P.S. I have many more thoughts on what this might involve, but I don’t know when I will be able to sort through them all. So for now I will just list a few people whose work is on my shortlist of definitely or potentially relevant (certainly not a complete list): June Ku, Vanessa Kosoy, Jessica Taylor, Steven Byrnes, Stuart Armstrong.
- Quintin Pope 6 Jun 2022 6:27 UTC
  21 points
  8
  Parent
  There’s shard theory, which aims to describe the process by which values form in humans. The eventual aim is to understand value formation well enough that we can do it in an AI system. I also think figuring out human values, value reflection and moral philosophy might actually be a lot easier than we assume. E.g., the continuous perspective on agency / values is pretty compelling to me and changes things a lot, IMO.
- Trevor Cappallo 20 Jun 2022 15:34 UTC
  −28 points
  −19
  Parent
  Here’s an outside-the-box suggestion:
  Clearly the development of any AGI is an enormous risk. While I can’t back this up with any concrete argument, a couple decades of working with math and CS problems gives me a gut intuition that statements like “I figure there’s a 50-50 chance it’ll kill us”, or even a “5-15% everything works out” are wildly off. I suspect this is the sort of issue where the probability of survival is funneled to something more like either $> 0.9999$ or $< 0.0001$ , of which the latter currently seems far more likely.

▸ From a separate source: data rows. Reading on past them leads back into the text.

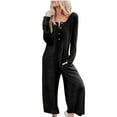 thumbnail image 1 of Maean Women's Casual Wide Leg Jumpsuits Long Sleeve V Neck Button Home Rompers Long Pants with Pockets, 1 of 7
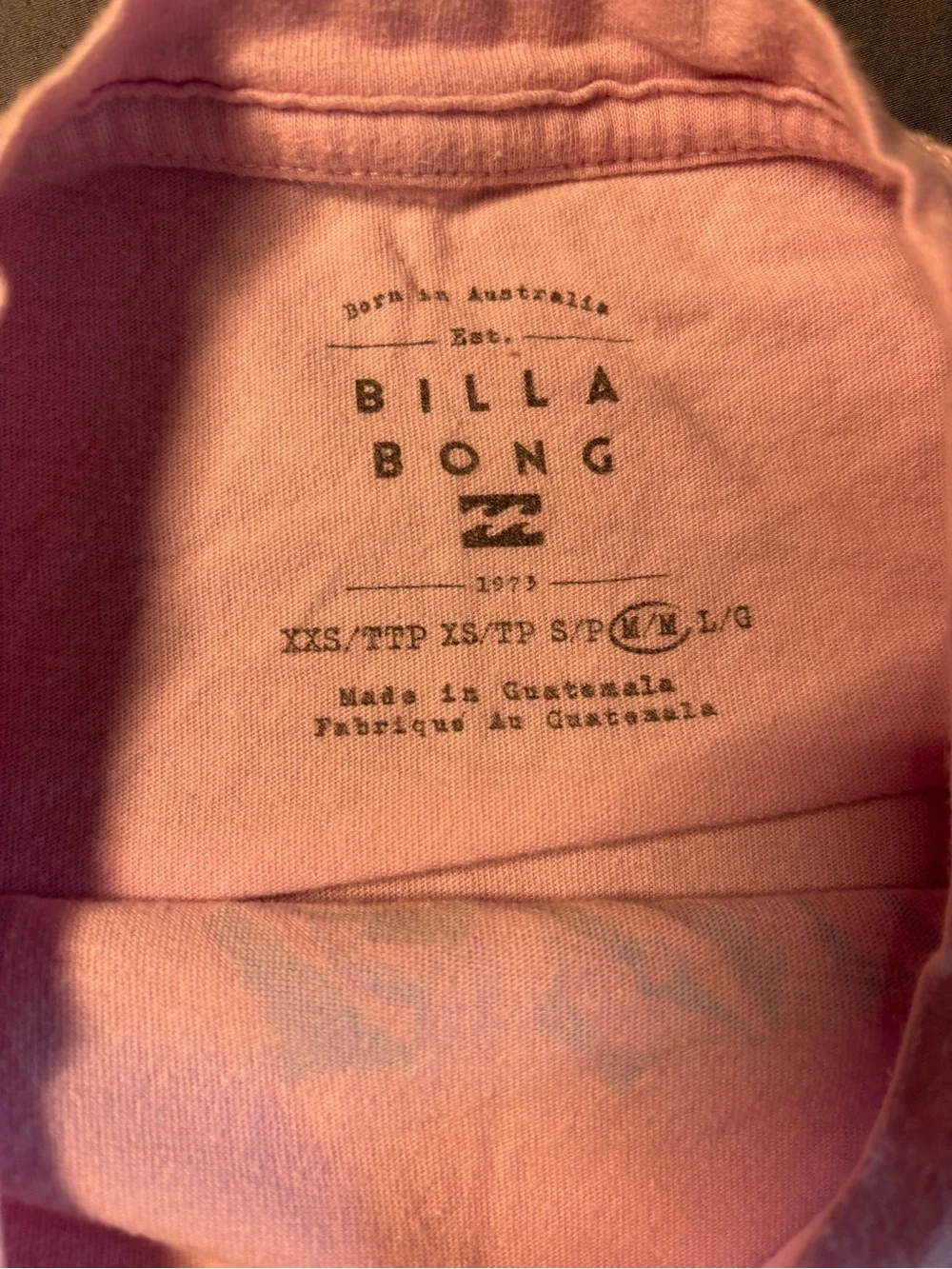 Billabong Girls Pink Shirt Sz M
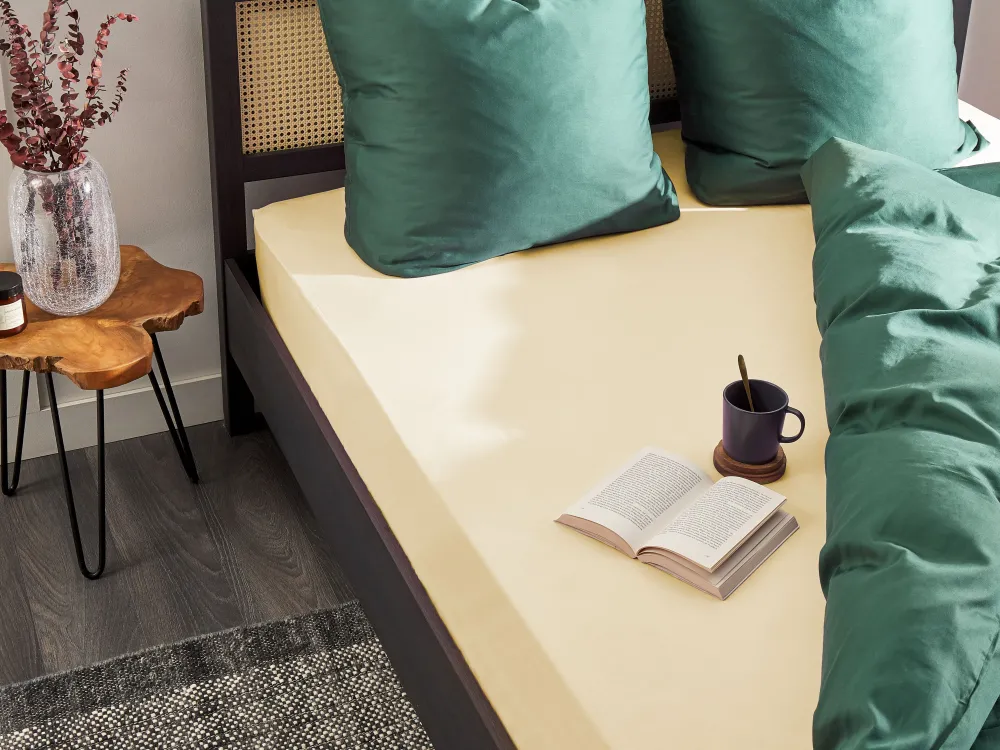 Lastenhuone<Beliani Puuvillalakana Muotoonommeltu Beige 90 X 200 Cm Janbu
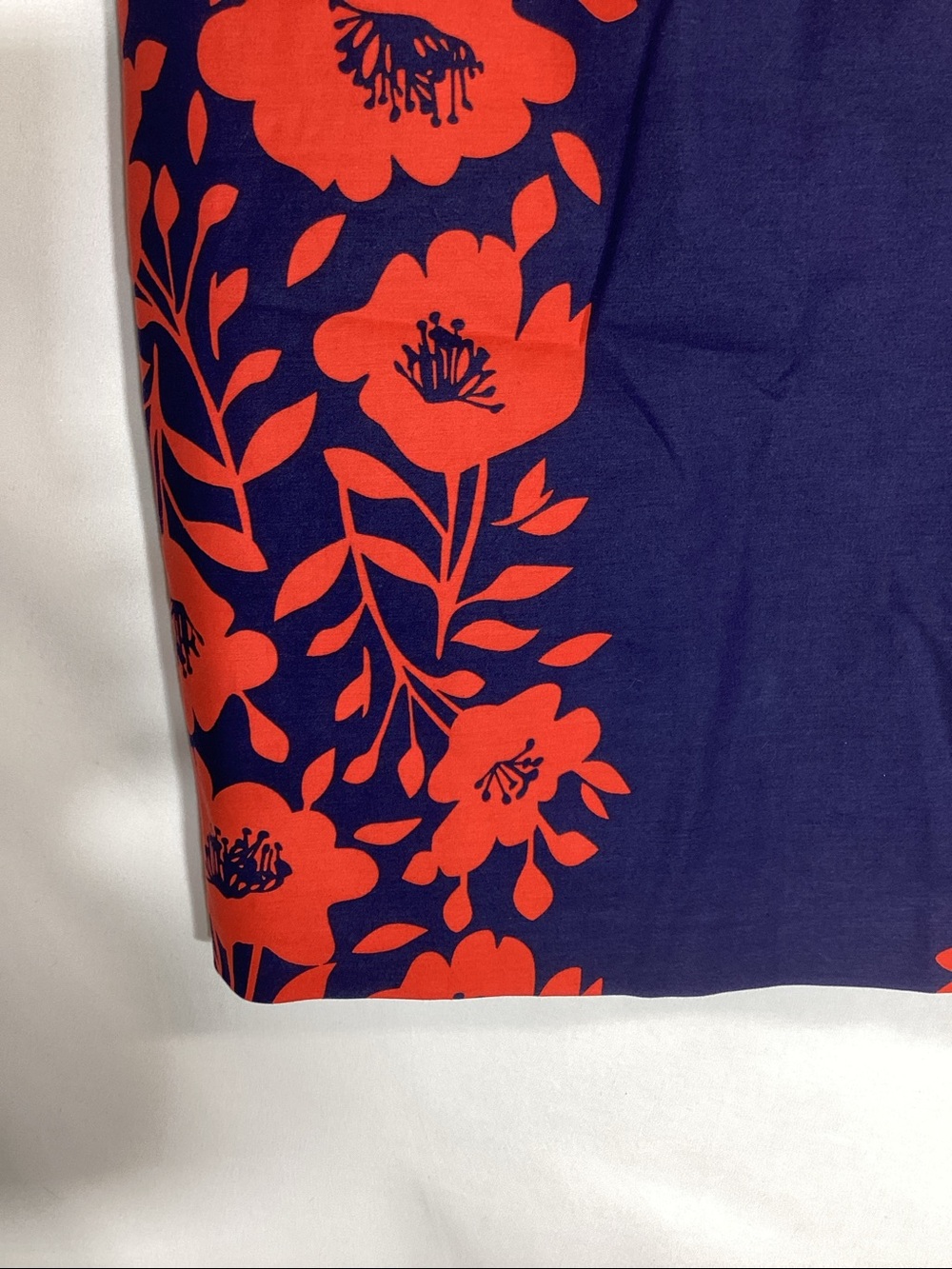 BODEN Richmond poppy placement pencil skirt Navy/Red Size 14 - Picture 4 of 9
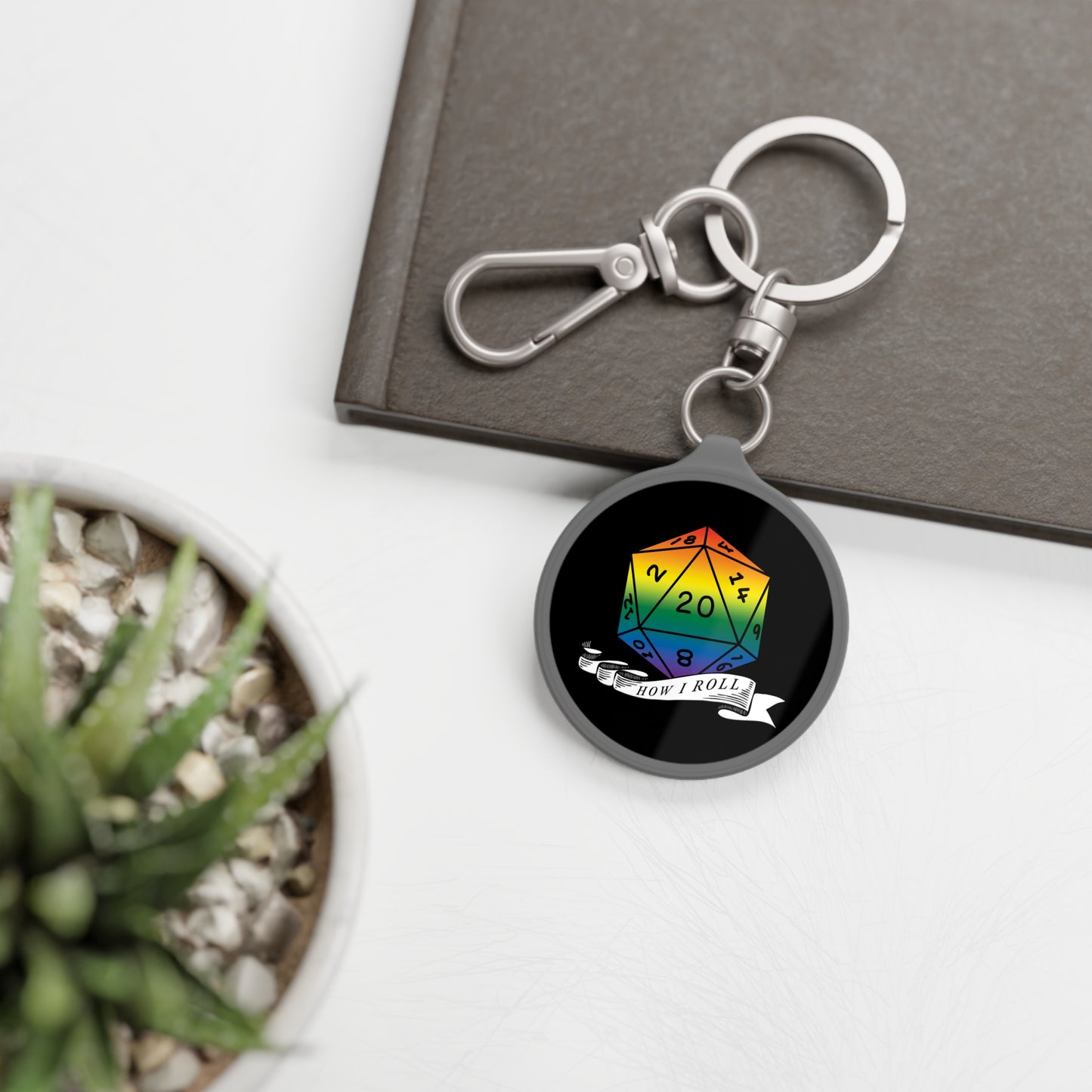 D20 Rainbow Pride Flag Keychain, "How I Roll", LGBTQ Pride Keyring Bag Tag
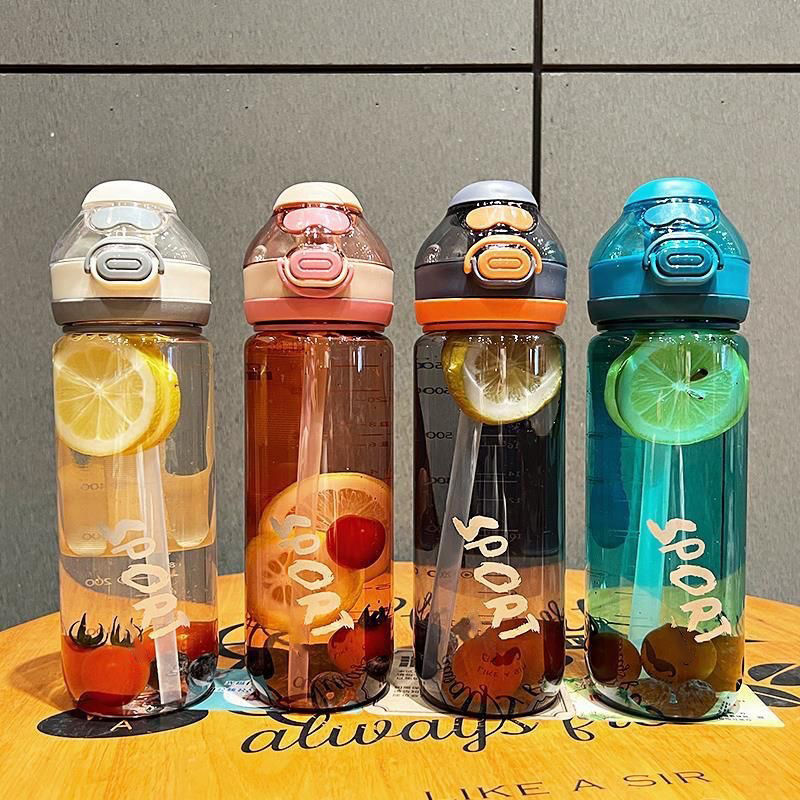 2024 Garrafa De Agua Esportiva Plastic Sport Fruit Water Bottle With Straw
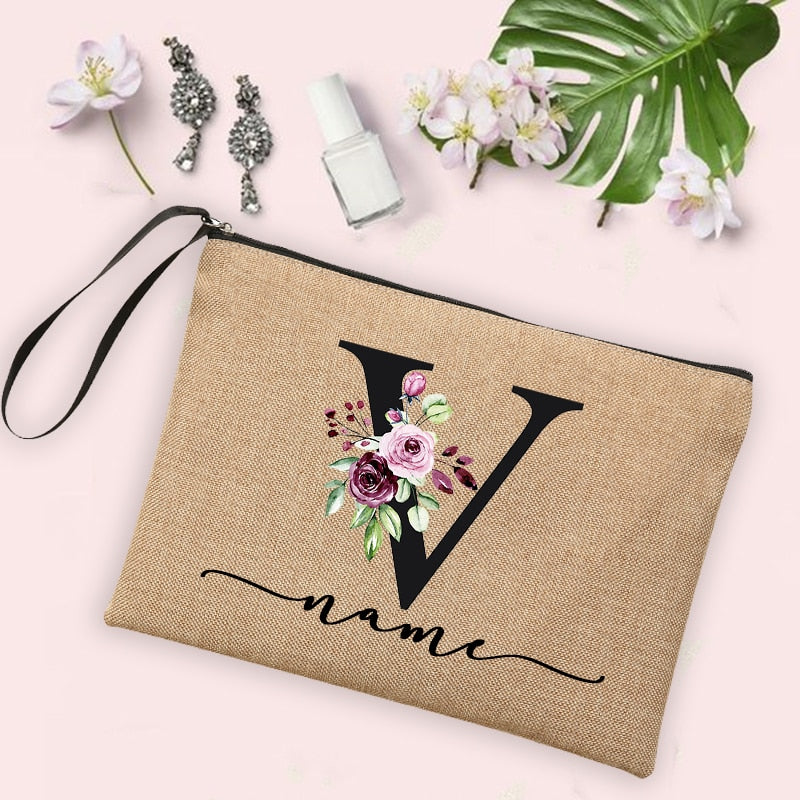 Custom Linen Cosmetic Bag With Flower Initial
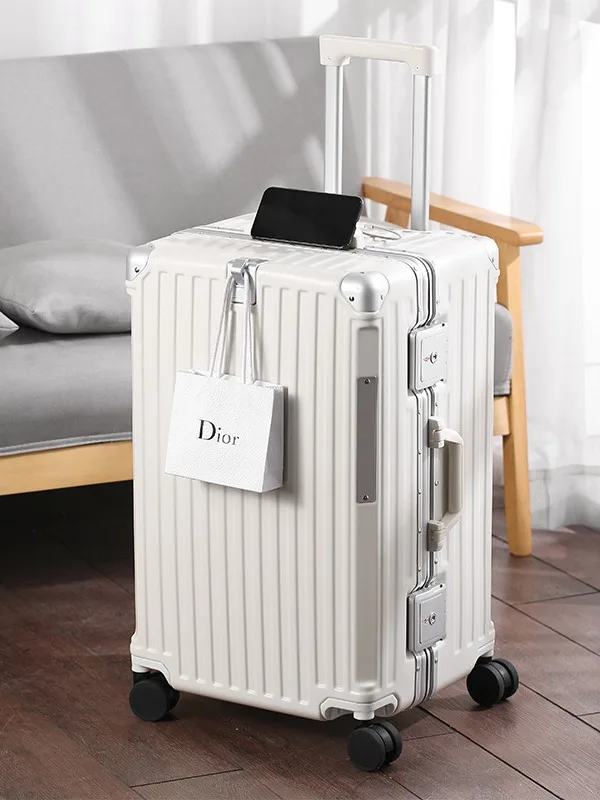 Middle Size Suitcase Multi Function Trolley Case Business Boarding Case TSA Travel Suitcase Aluminum Frame Luggage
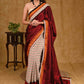 Classy Maroon Khun Pallu Saree with Cream Ajrakh Pleats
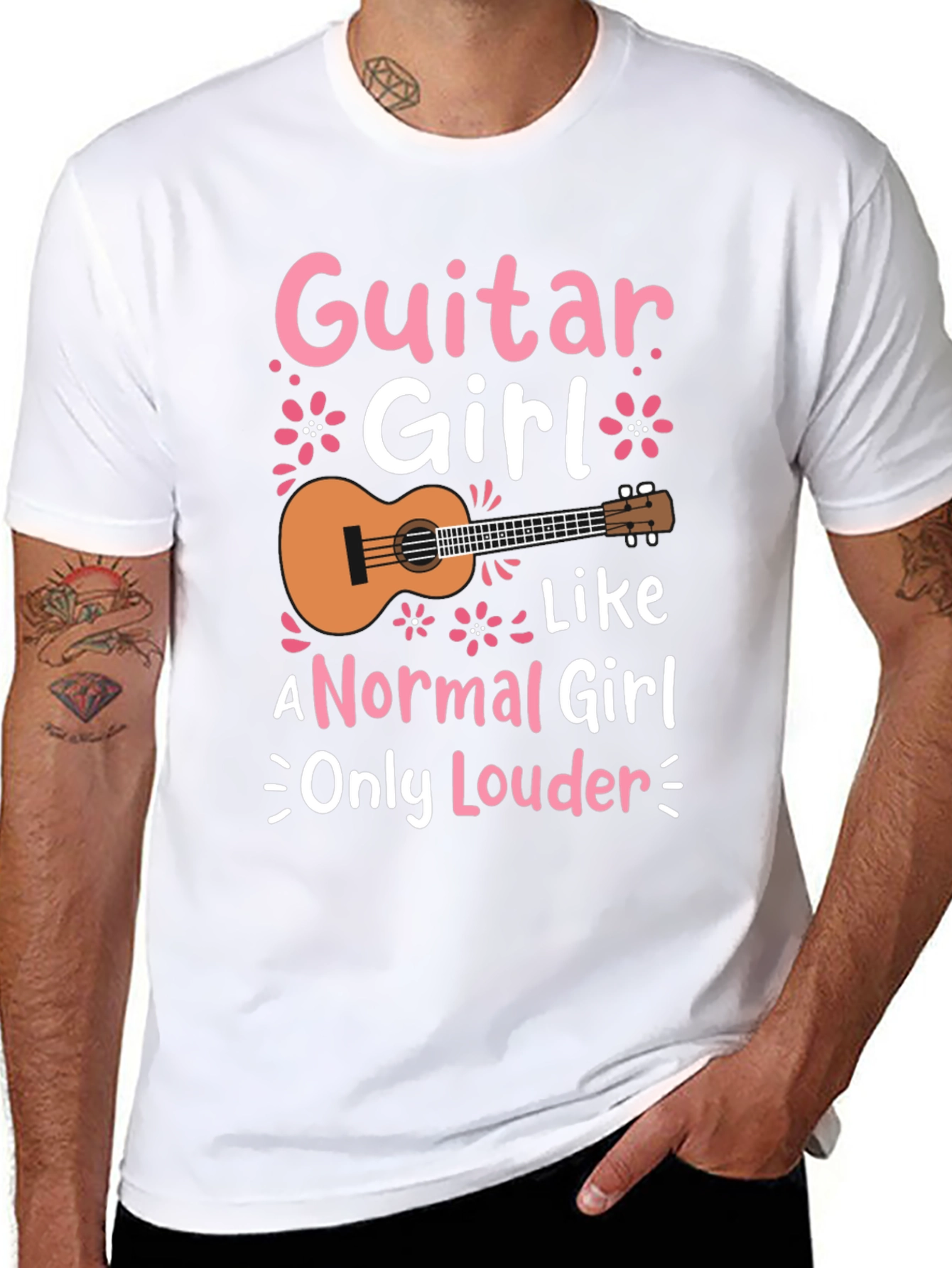 Guitar Girl Graphic Tee - Black Casual T-Shirt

  Has anyone discussed the concept of deliberately trying to precipitate a global nuclear war? I’m half kidding, but half not; if the risk is really so great and so imminent and potentially final as many on here suspect, then a near-extinction-event like that (presumably wiping out the infrastructure for GPU farms for a long time to come) which wouldn’t actually wipe out the race but could buy time to work the problem (or at least pass the buck to our descendants) could conceivably be preferable.
  Obviously, it’s too abhorrent to be a real solution, but it does have the distinct advantage that it’s something that could be done today if the right people wanted to do it, which is especially important given that I’m not at all convinced that we’ll recognize a powerful AGI when we see it, based on how cavalierly everyone is dismissing large language models as nothing more than a sophisticated parlor trick, for instance.
  - trevor 13 Jan 2024 20:25 UTC
    −17 points
    0
    Parent
    Just want to clarify: this isn’t me, I didn’t write this. My last name isn’t Cappallo. I didn’t find out about this comment until today, when I did a Ctrl + f to find a comment I wrote around the time this was posted.
    I’m the victim here, and in fact I have written substantially about the weaponization of random internet randos to manipulate people’s perceptions.
    - Trevor Cappallo 14 Jan 2024 23:19 UTC
      10 points
      6
      Parent
      I confess I am perplexed, as I suspect most people are aware there is more than one Trevor in the world. As you point out, that is not your last name. I have no idea who you are, or why you feel this is some targeted “weaponization.”
    - Zack_M_Davis 13 Jan 2024 21:27 UTC
      9 points
      4
      Parent
      What weaponization? It would seem very odd to describe yourself as being the “victim” of someone else having the same first name as you.